Copy out exactly, from the entries that follow, the line holding "Cover for Tom", the line holding "by Randy Alcorn", and all lines between them, but no pictures.

Given information:
· · · · ·
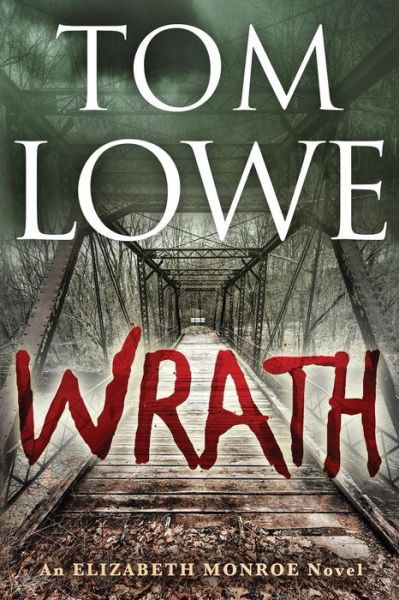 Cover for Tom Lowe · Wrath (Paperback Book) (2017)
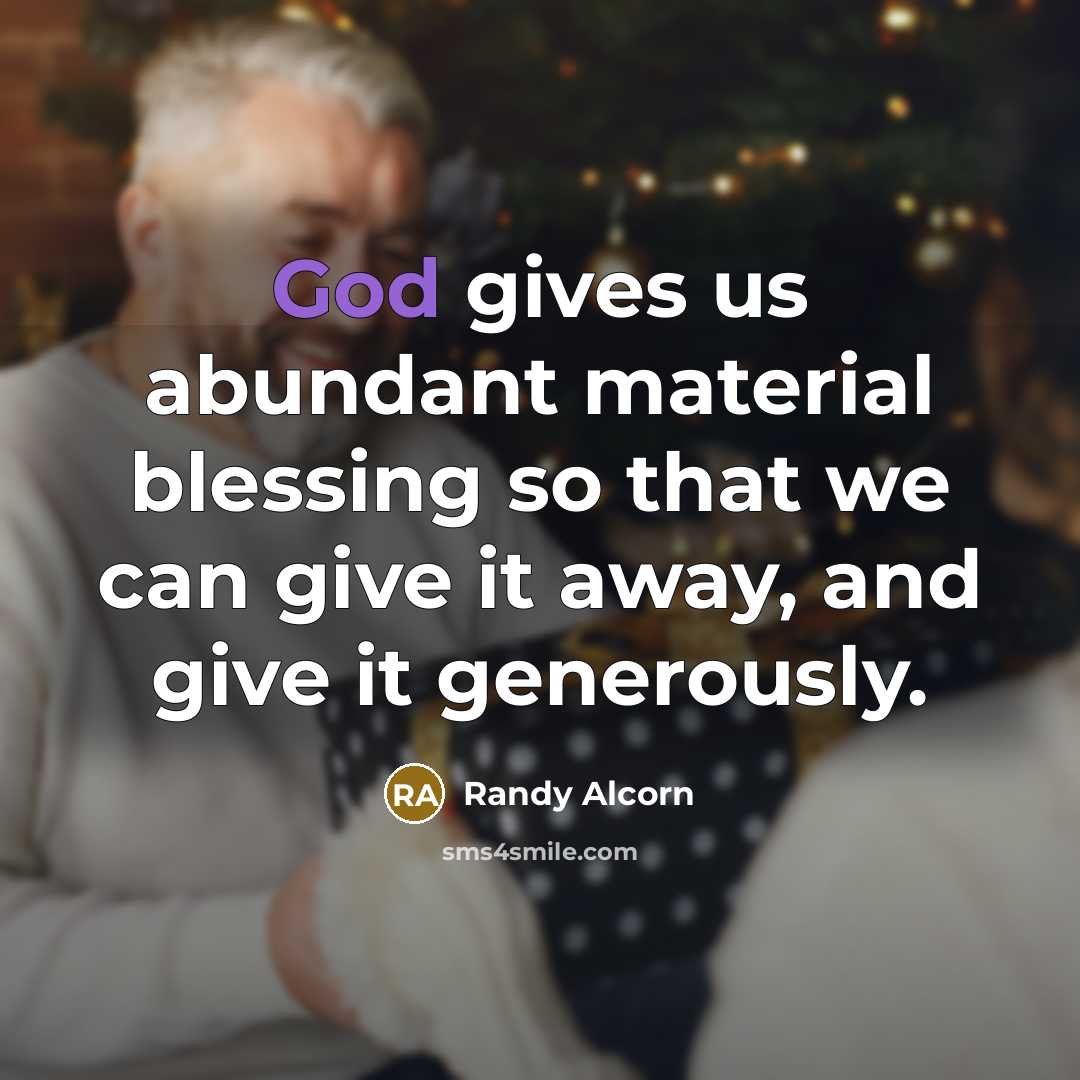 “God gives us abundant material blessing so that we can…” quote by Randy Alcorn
· · · · ·
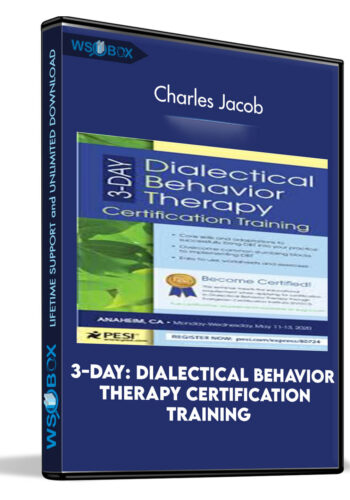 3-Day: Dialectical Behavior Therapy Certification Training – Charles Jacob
· · · · ·
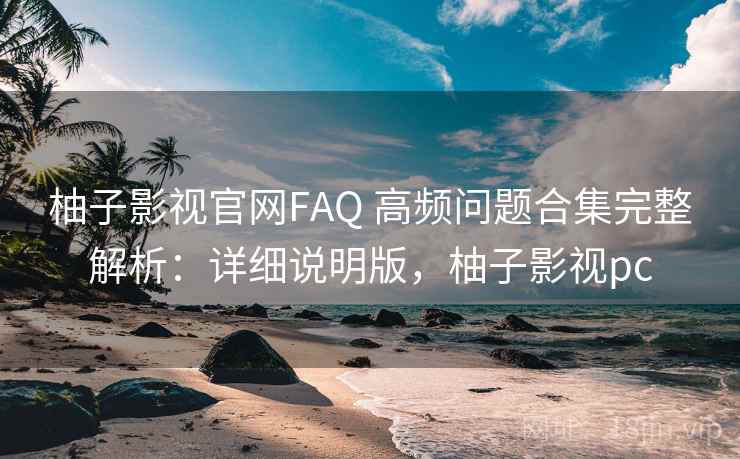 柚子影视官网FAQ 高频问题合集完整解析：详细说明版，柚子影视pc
· · · · ·
Output for this task:
 Cover for Tom Lowe · Wrath (Paperback Book) (2017)
 “God gives us abundant material blessing so that we can…” quote by Randy Alcorn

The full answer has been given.